**SUPPLIED DATA:**
● ● ● ● ●

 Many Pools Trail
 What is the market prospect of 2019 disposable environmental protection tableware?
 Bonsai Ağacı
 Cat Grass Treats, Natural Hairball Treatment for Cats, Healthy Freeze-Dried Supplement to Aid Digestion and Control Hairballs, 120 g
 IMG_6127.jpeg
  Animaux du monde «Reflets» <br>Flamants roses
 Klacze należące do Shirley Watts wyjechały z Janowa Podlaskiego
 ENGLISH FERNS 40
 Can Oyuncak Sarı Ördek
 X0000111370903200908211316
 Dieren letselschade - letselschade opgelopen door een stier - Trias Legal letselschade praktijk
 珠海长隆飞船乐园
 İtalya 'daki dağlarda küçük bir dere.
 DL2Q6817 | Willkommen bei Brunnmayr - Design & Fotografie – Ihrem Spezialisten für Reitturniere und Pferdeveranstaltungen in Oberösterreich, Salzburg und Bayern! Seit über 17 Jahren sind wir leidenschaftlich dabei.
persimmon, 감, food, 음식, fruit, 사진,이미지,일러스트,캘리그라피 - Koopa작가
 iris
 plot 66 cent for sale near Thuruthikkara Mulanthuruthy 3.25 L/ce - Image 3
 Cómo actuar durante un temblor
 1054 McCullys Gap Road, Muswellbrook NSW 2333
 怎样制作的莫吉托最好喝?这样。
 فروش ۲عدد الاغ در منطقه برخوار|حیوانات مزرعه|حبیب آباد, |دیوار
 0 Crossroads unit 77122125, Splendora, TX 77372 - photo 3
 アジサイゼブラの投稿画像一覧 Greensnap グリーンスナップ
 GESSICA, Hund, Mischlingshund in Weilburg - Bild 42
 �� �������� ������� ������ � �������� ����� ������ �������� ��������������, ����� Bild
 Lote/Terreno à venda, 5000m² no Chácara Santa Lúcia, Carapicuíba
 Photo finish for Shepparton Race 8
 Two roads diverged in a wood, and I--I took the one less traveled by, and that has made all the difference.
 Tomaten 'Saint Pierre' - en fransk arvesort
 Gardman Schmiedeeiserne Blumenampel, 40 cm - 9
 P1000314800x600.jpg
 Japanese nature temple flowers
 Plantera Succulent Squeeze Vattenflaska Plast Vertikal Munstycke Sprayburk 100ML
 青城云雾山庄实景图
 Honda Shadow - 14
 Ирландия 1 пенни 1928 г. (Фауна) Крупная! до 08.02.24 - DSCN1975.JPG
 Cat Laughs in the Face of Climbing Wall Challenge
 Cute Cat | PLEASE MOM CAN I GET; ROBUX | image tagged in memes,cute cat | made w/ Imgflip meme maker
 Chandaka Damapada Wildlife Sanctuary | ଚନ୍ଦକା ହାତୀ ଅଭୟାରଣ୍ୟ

● ● ● ● ●

**WHAT NEEDS TO BE DONE:**
Leave out every line after the one with "İtalya 'daki dağlarda küçük bir dere.". Reproduce the material above exactly from its first line through that line.

**SOLVED PROBLEM:**
 Many Pools Trail
 What is the market prospect of 2019 disposable environmental protection tableware?
 Bonsai Ağacı
 Cat Grass Treats, Natural Hairball Treatment for Cats, Healthy Freeze-Dried Supplement to Aid Digestion and Control Hairballs, 120 g
 IMG_6127.jpeg
  Animaux du monde «Reflets» <br>Flamants roses
 Klacze należące do Shirley Watts wyjechały z Janowa Podlaskiego
 ENGLISH FERNS 40
 Can Oyuncak Sarı Ördek
 X0000111370903200908211316
 Dieren letselschade - letselschade opgelopen door een stier - Trias Legal letselschade praktijk
 珠海长隆飞船乐园
 İtalya 'daki dağlarda küçük bir dere.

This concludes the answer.